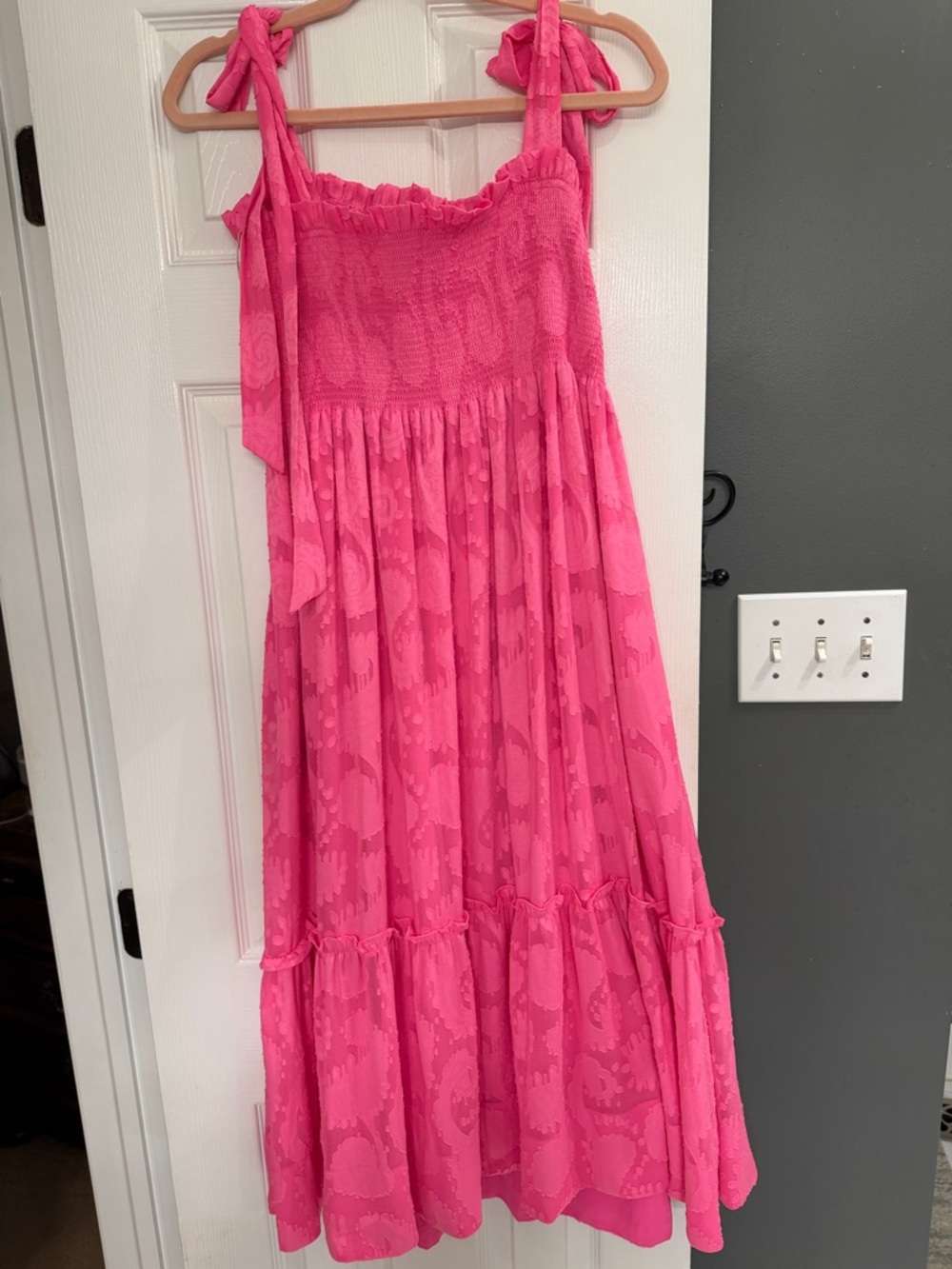 Lilly Pulitzer pink smock top dress size medium tie strap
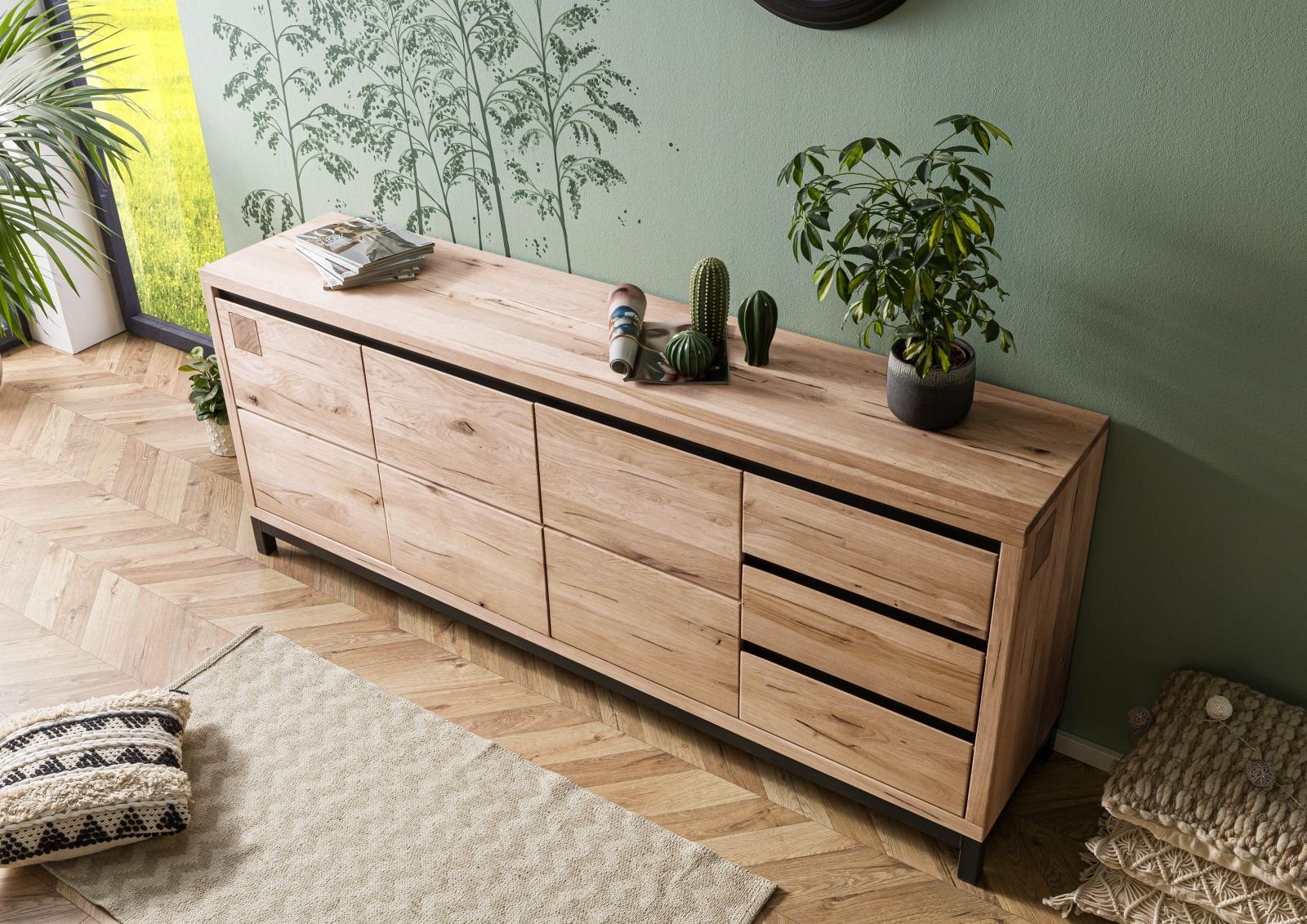 Massivmoebel24 Sideboard (Sideboard Wildeiche 210x45x85 bianco günstig online kaufen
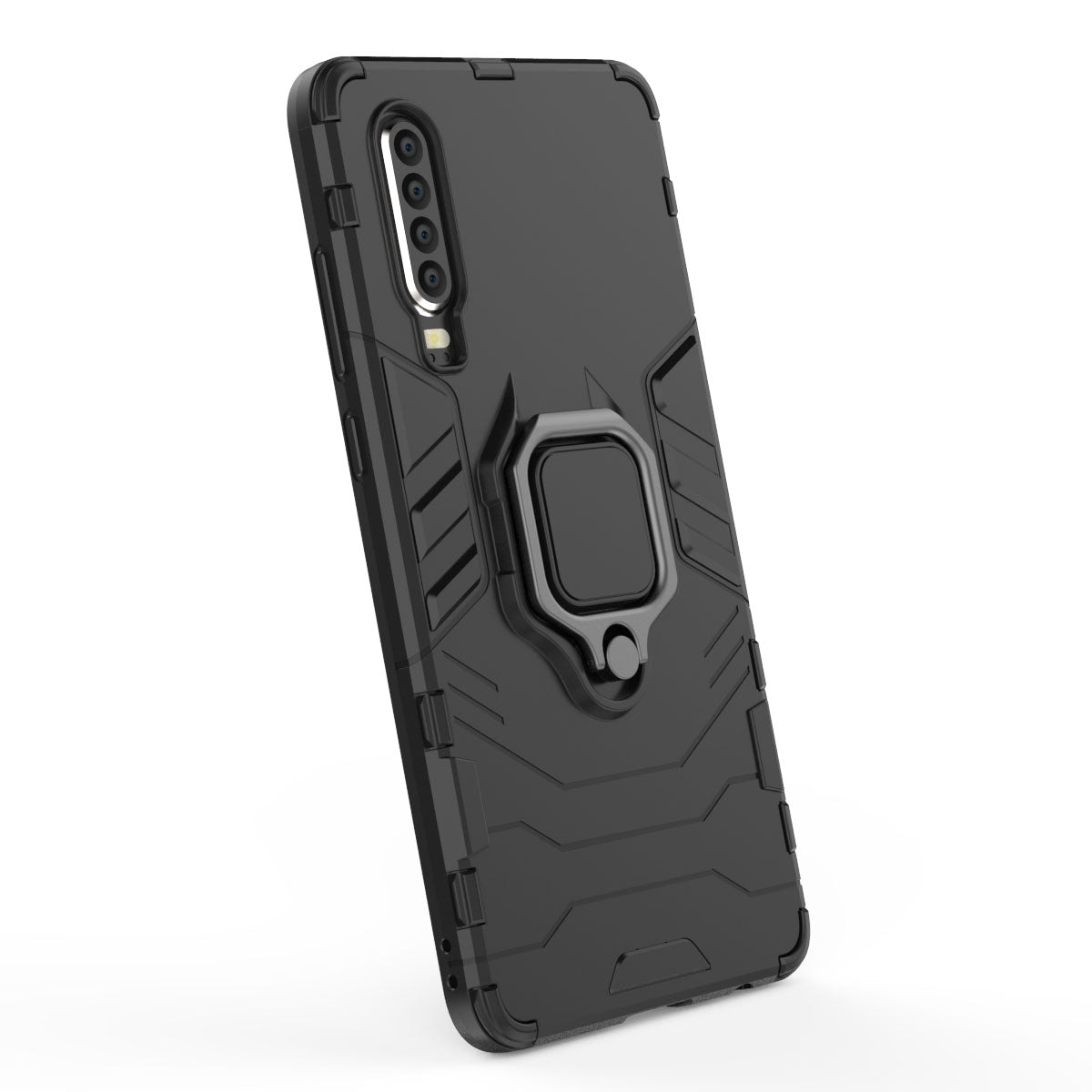 For Huawei P30 Finger Ring Kickstand PC + TPU Hybrid Mobile Phone Case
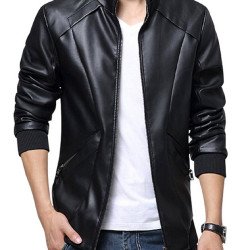 Men's Simple Look Waist Pockets Black Leather Jacket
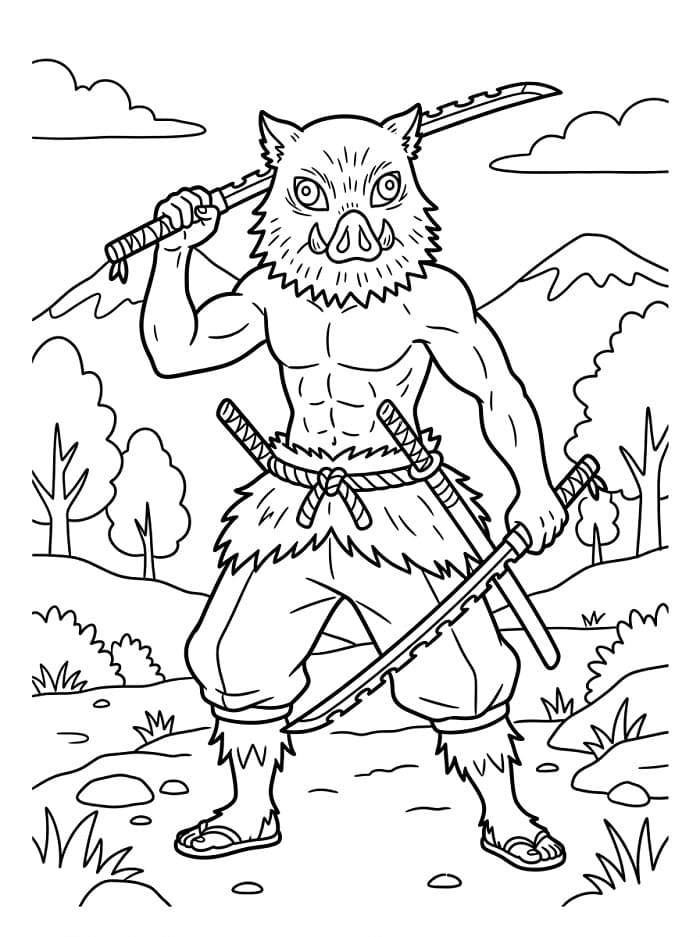 Coloriage Inosuke de Anime Demon Slayer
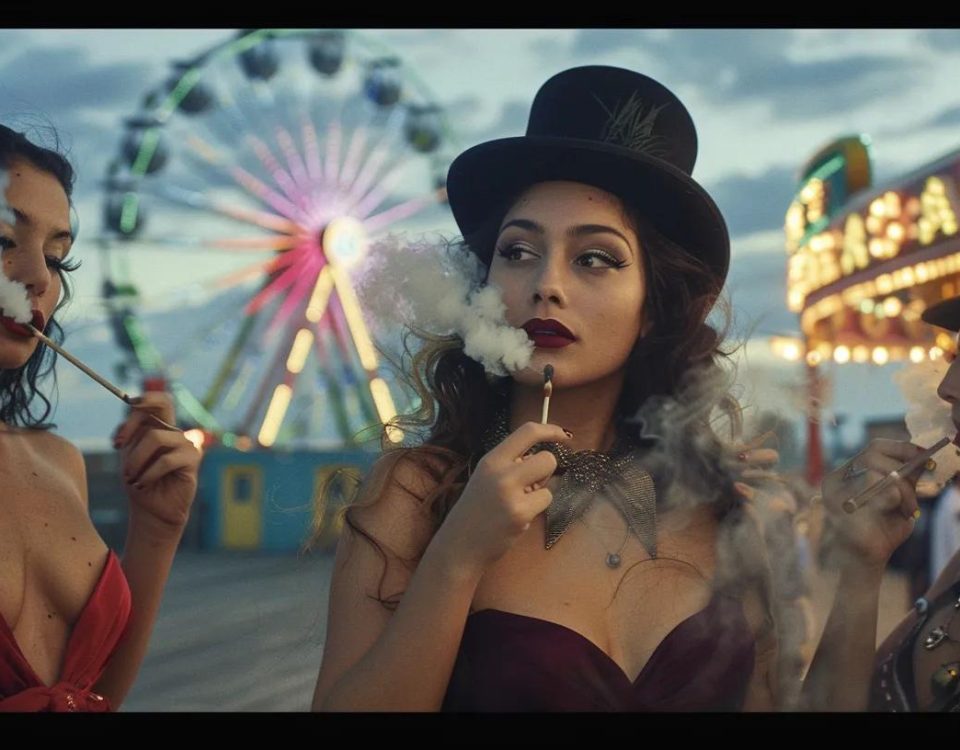 Atlantic City Boardwalk ferris wheel in the Background with Hotties in Heels and top hats smoking weed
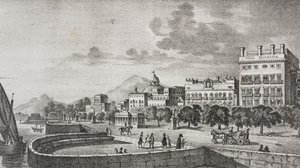 Vista del foro Borbón y del hotel Trinacria, Palermo, Sicilia, Italia, litografía de Salvatore Puglia sobre grabado de Di Giovanni de Poliorama Pittoresco, n 37, 19 de abril. de Salvatore Puglia
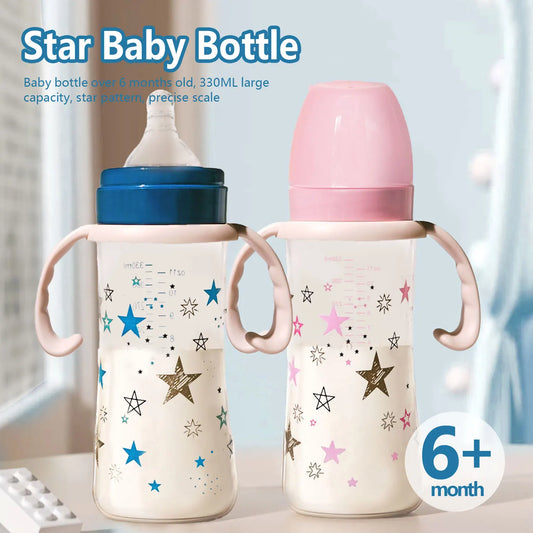 1PC 330ml large-capacity baby feeding bottle star PP wide diameter anti-fall lightweight ergonomic handle design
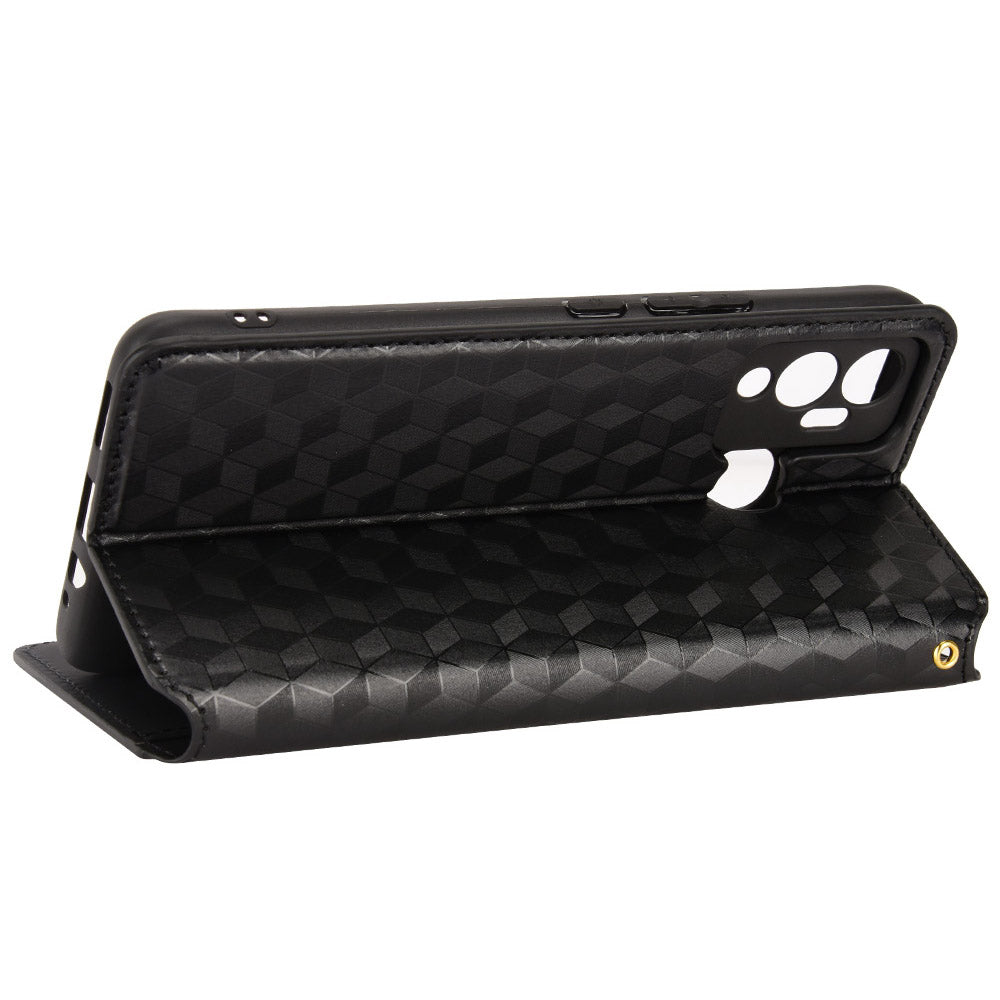 For Infinix Hot 12 Play 4G X6816C/Hot 12 Play NFC 4G PU Leather Wallet Case Rhombus Pattern Imprinted Magnetic Absorption Flip Folio Stand Cover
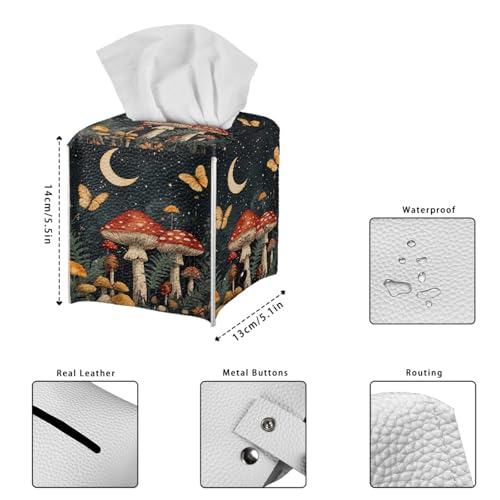 Butterfly Mushroom Pattern Square Tissue Box Cover Facial Napkin Holder Easy to Use Dust-Proof Tissue Case for Living Room Office Bathroom - color: Butterfly Mushroom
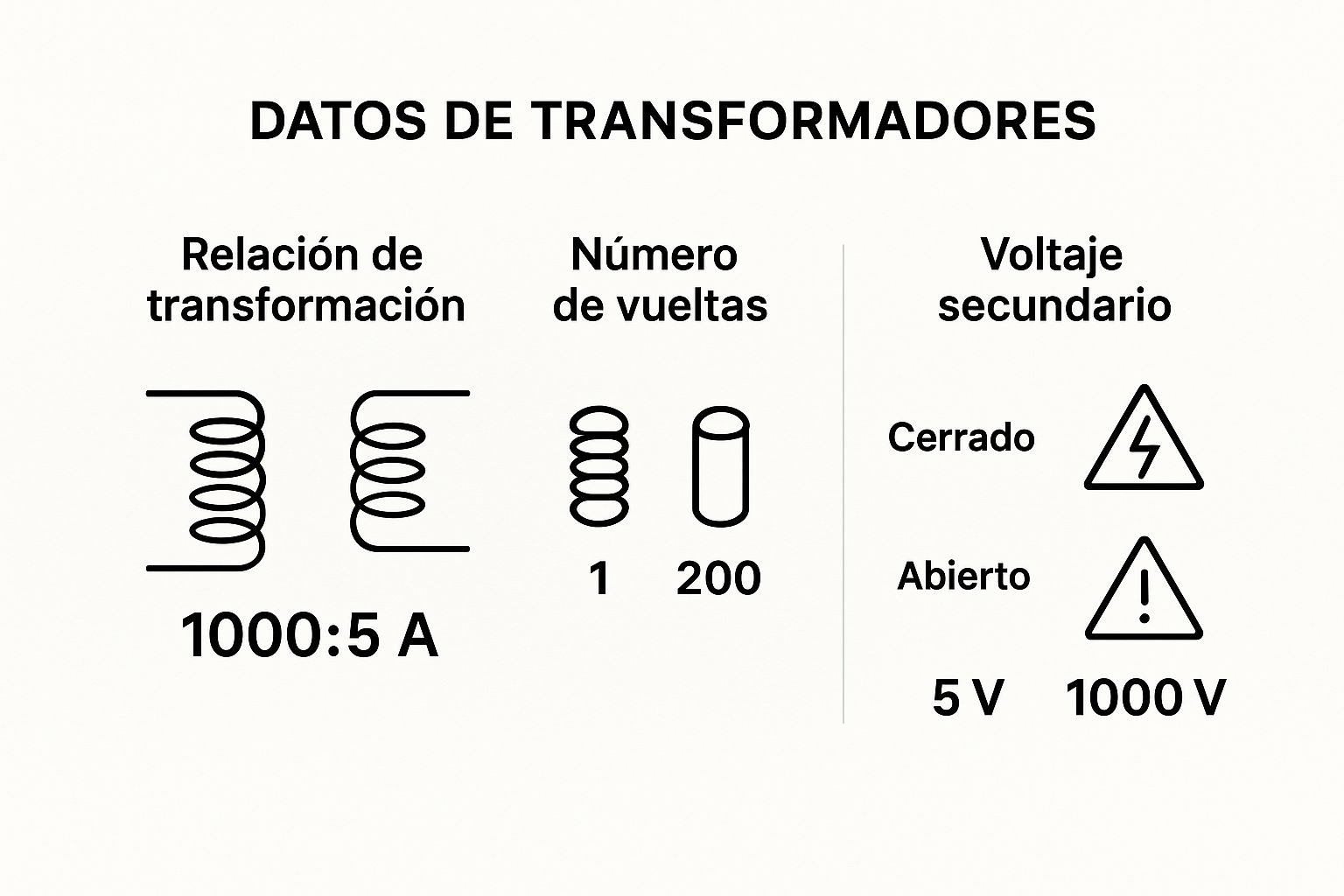 Infográfico que compara la relación de transformación, el número de vueltas y el voltaje secundario en un transformador de corriente.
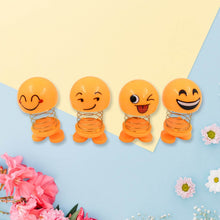 Cute Emoji Bobble-Head Funny Smiley Face Emoticon Figure Spring Dolls Bounce Toys for Car Interior Dashboard Accessories Desktop Decoration / Kids Toys (Pack of 8) - Super Bachat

- WHAT TO PRODUCE: An exact copy of every entry, minus the pictures, is what you should return.

- SOLUTION BELOW:
 Lilly Pulitzer pink smock top dress size medium tie strap
 Massivmoebel24 Sideboard (Sideboard Wildeiche 210x45x85 bianco günstig online kaufen
 For Huawei P30 Finger Ring Kickstand PC + TPU Hybrid Mobile Phone Case
 Men's Simple Look Waist Pockets Black Leather Jacket
 Coloriage Inosuke de Anime Demon Slayer
 Atlantic City Boardwalk ferris wheel in the Background with Hotties in Heels and top hats smoking weed
 Vista del foro Borbón y del hotel Trinacria, Palermo, Sicilia, Italia, litografía de Salvatore Puglia sobre grabado de Di Giovanni de Poliorama Pittoresco, n 37, 19 de abril. de Salvatore Puglia
 1PC 330ml large-capacity baby feeding bottle star PP wide diameter anti-fall lightweight ergonomic handle design
 For Infinix Hot 12 Play 4G X6816C/Hot 12 Play NFC 4G PU Leather Wallet Case Rhombus Pattern Imprinted Magnetic Absorption Flip Folio Stand Cover
 Butterfly Mushroom Pattern Square Tissue Box Cover Facial Napkin Holder Easy to Use Dust-Proof Tissue Case for Living Room Office Bathroom - color: Butterfly Mushroom
 Infográfico que compara la relación de transformación, el número de vueltas y el voltaje secundario en un transformador de corriente.
 Cute Emoji Bobble-Head Funny Smiley Face Emoticon Figure Spring Dolls Bounce Toys for Car Interior Dashboard Accessories Desktop Decoration / Kids Toys (Pack of 8) - Super Bachat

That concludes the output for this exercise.